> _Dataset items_
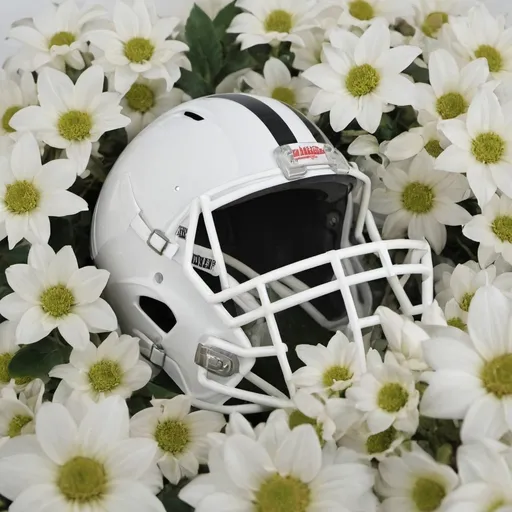 Prompt: white flowers surrounding a football helmet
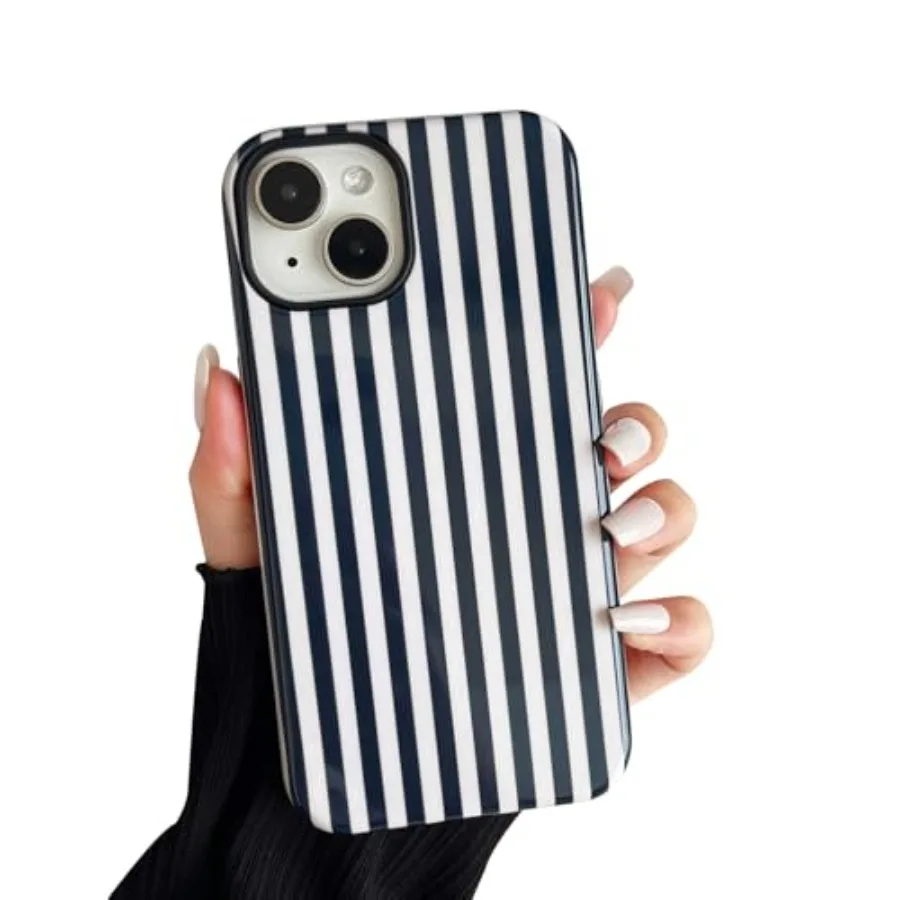 

Compatible with iPhone 13/14 Case, Cute Fashion Aesthetic Striped Pattern Cover for Women, Shockproof Soft TPU and Hard PC Prot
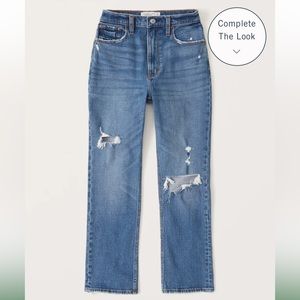 Abercrombie curve love ultra high rise ankle straight jean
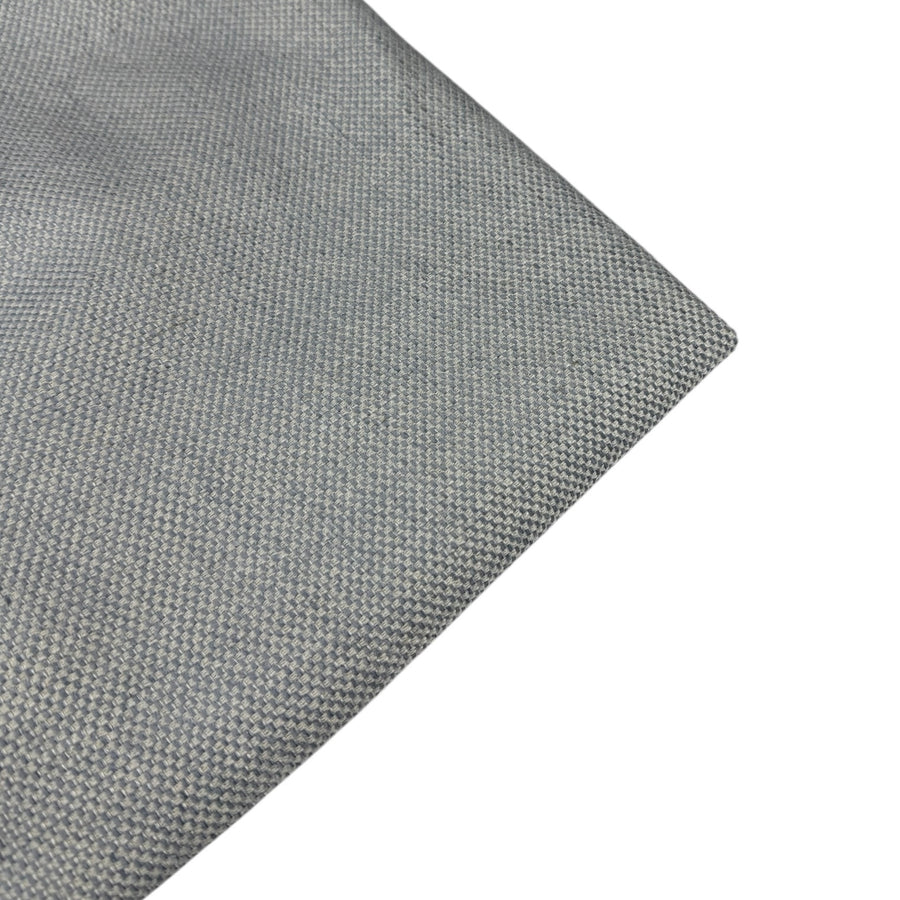 Woven Cotton Linen Blend Upholstery Remnant - Light Blue/Off White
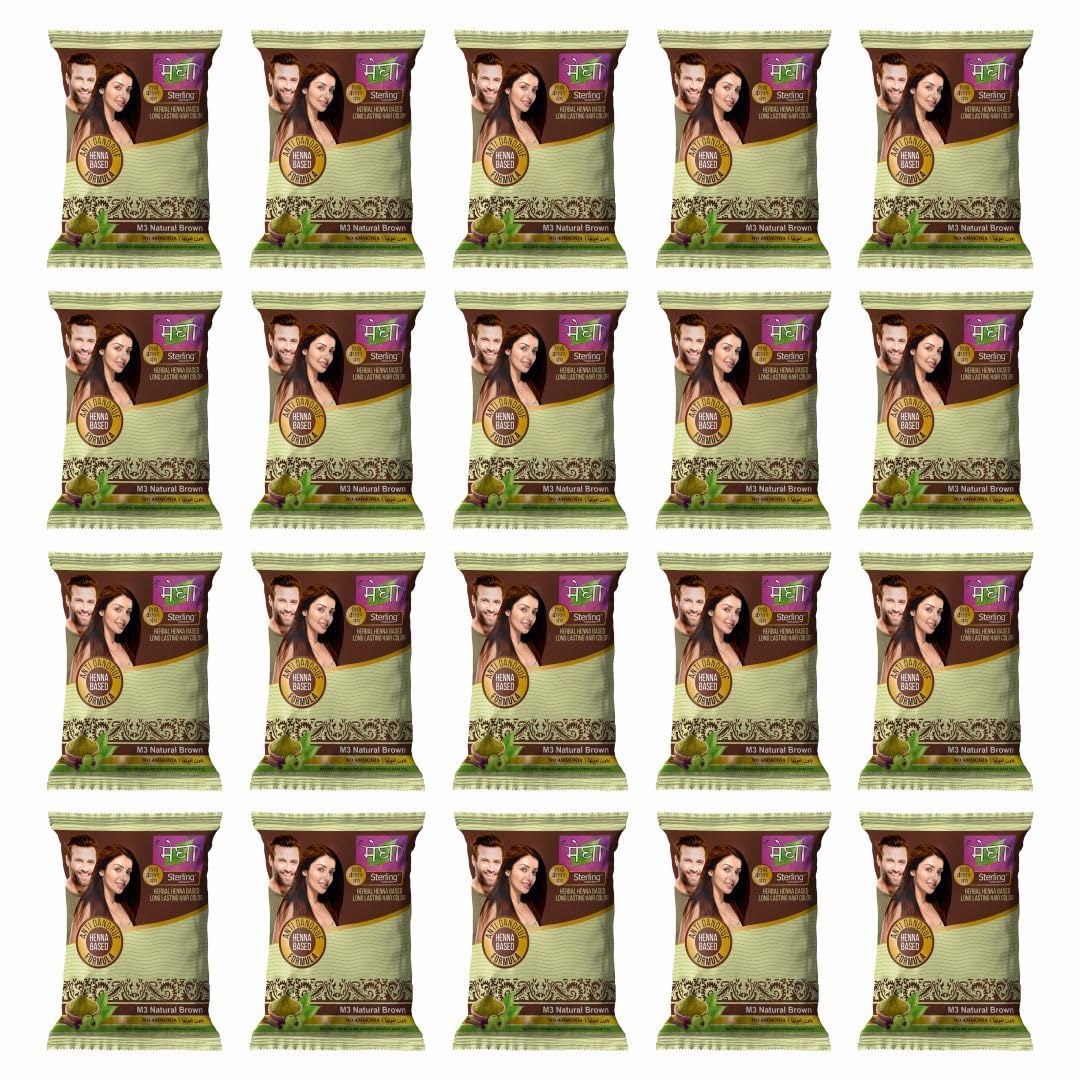 Sterling Naturals Megha Mehandi Hair Colour for Women & Men, Henna Based Mehndi, Organic Hair Dye Without Chemicals and Ammonia, Brown, 10 g (Pack of 20)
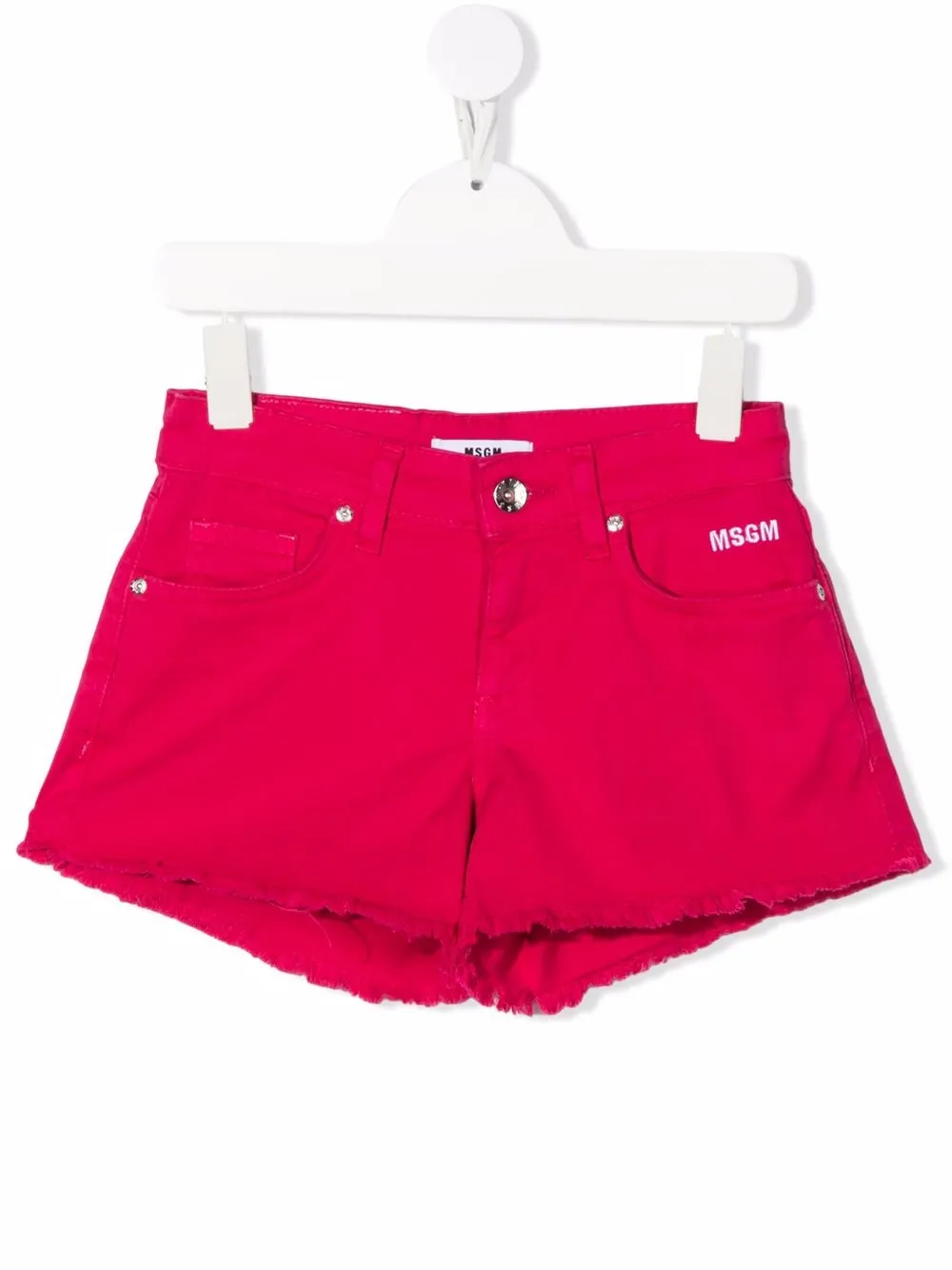 

MSGM Kids logo-embroidered frayed denim shorts - Pink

> _Instructions to follow_
Repeat the records above exactly, without any pictures.

> _Exercise answer_
 Prompt: white flowers surrounding a football helmet

Compatible with iPhone 13/14 Case, Cute Fashion Aesthetic Striped Pattern Cover for Women, Shockproof Soft TPU and Hard PC Prot
 Abercrombie curve love ultra high rise ankle straight jean
 Woven Cotton Linen Blend Upholstery Remnant - Light Blue/Off White
 Sterling Naturals Megha Mehandi Hair Colour for Women & Men, Henna Based Mehndi, Organic Hair Dye Without Chemicals and Ammonia, Brown, 10 g (Pack of 20)

MSGM Kids logo-embroidered frayed denim shorts - Pink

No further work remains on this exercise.